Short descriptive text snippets
########
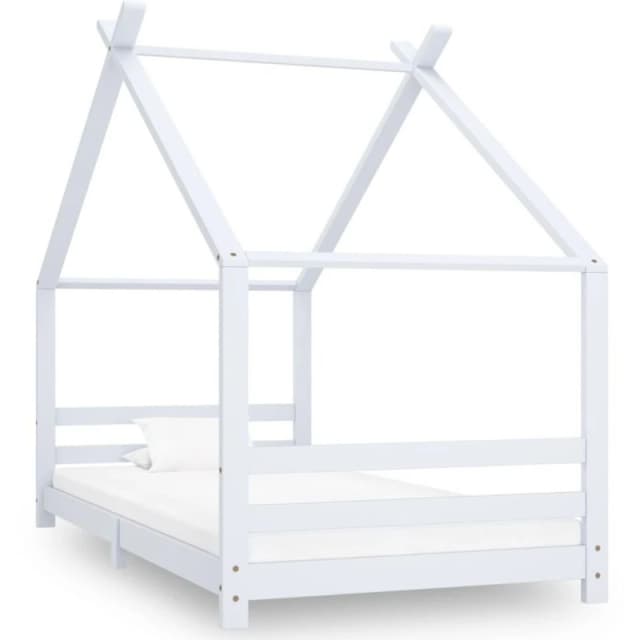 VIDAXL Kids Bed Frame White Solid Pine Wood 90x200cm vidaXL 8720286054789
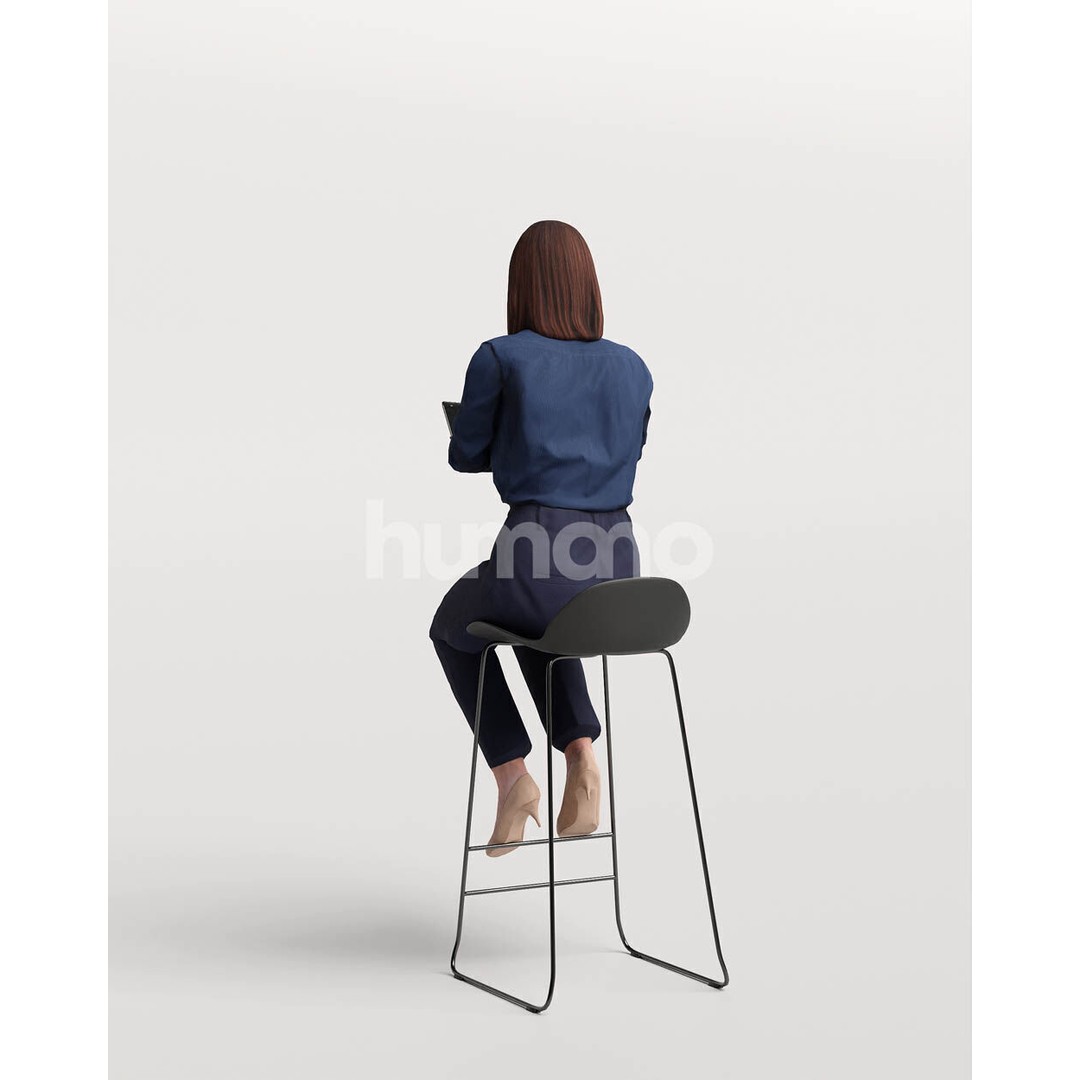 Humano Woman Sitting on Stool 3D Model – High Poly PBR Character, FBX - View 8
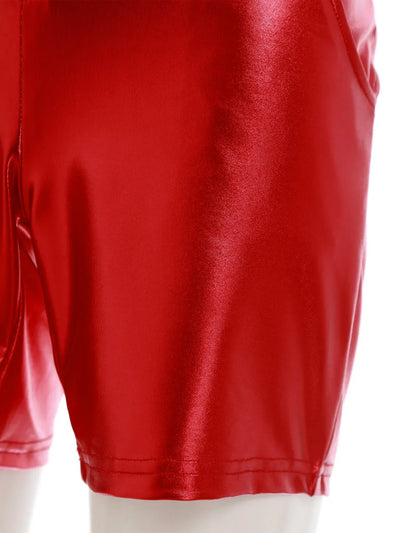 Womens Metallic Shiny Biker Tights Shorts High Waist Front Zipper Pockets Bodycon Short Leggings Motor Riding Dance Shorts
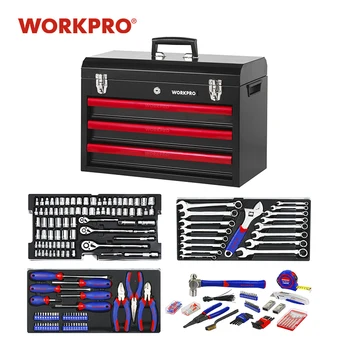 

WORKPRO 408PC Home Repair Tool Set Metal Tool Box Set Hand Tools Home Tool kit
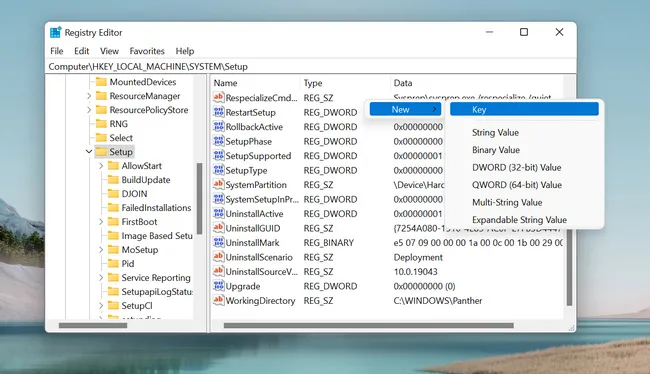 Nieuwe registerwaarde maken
########
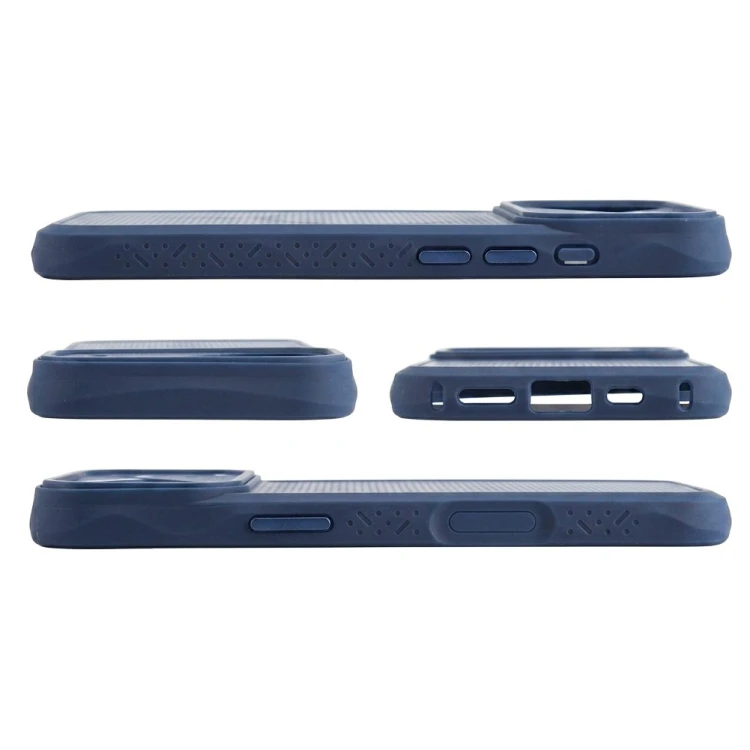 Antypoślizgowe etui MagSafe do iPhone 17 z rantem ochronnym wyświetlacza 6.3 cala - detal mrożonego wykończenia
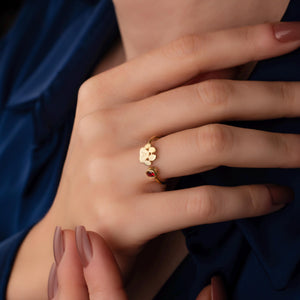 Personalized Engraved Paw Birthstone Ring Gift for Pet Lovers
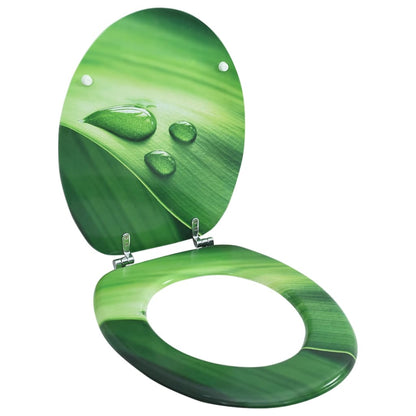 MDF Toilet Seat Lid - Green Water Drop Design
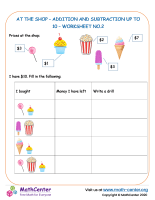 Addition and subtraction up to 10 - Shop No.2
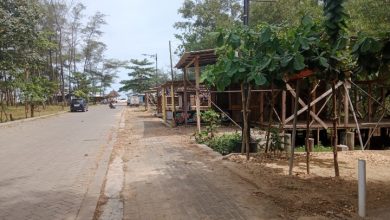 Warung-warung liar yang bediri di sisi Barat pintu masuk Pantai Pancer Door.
########
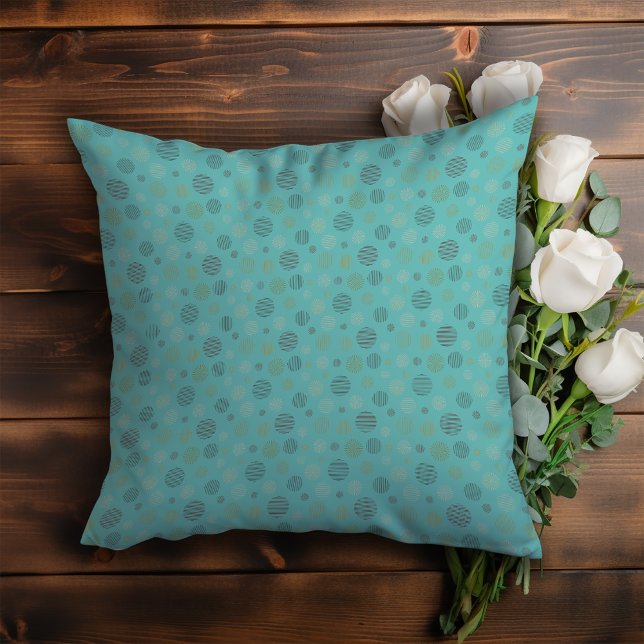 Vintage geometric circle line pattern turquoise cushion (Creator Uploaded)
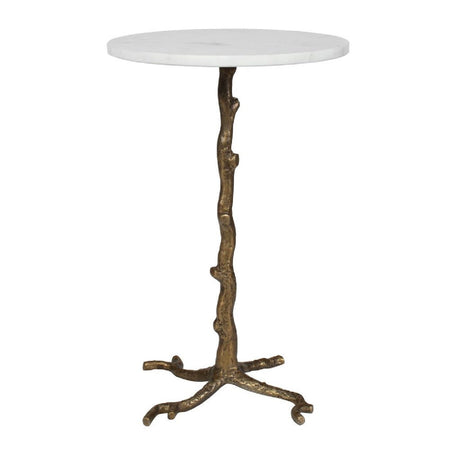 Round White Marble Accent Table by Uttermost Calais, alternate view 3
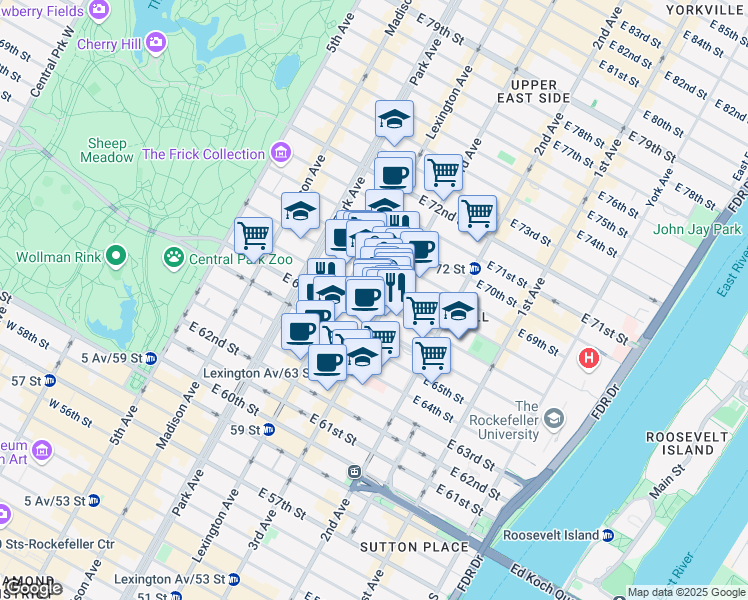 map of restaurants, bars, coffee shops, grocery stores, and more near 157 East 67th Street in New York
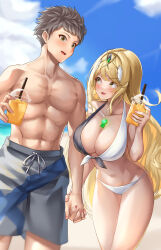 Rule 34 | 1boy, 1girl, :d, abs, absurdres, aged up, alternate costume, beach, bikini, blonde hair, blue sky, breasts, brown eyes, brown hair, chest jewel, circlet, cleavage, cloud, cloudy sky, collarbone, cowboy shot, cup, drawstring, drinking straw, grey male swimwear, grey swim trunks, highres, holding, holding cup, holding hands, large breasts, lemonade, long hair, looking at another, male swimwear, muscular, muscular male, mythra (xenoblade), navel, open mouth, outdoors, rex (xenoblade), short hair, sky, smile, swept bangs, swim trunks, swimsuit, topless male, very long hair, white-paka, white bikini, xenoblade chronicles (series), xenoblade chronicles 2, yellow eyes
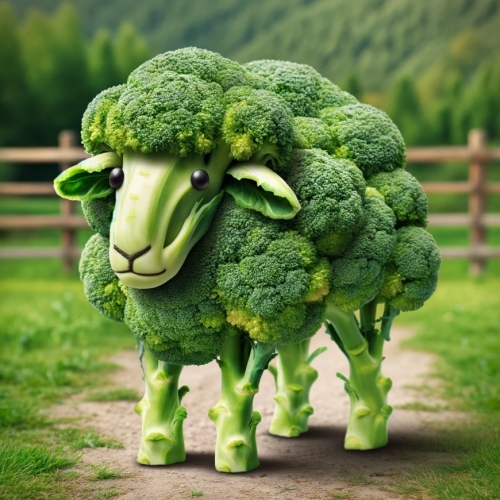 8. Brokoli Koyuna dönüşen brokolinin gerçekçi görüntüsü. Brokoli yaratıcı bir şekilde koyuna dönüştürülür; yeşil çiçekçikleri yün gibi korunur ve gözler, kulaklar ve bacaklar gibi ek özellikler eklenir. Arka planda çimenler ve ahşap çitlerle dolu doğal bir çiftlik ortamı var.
########
▶ _Task prompt_
Both the line above containing "VIDAXL Kids Bed" and the line containing "WORKPRO 408PC Home" belong in the copy, along with every line between them; print these exactly and omit the pictures.

▶ _Your response_
 VIDAXL Kids Bed Frame White Solid Pine Wood 90x200cm vidaXL 8720286054789
 Humano Woman Sitting on Stool 3D Model – High Poly PBR Character, FBX - View 8
 Womens Metallic Shiny Biker Tights Shorts High Waist Front Zipper Pockets Bodycon Short Leggings Motor Riding Dance Shorts

WORKPRO 408PC Home Repair Tool Set Metal Tool Box Set Hand Tools Home Tool kit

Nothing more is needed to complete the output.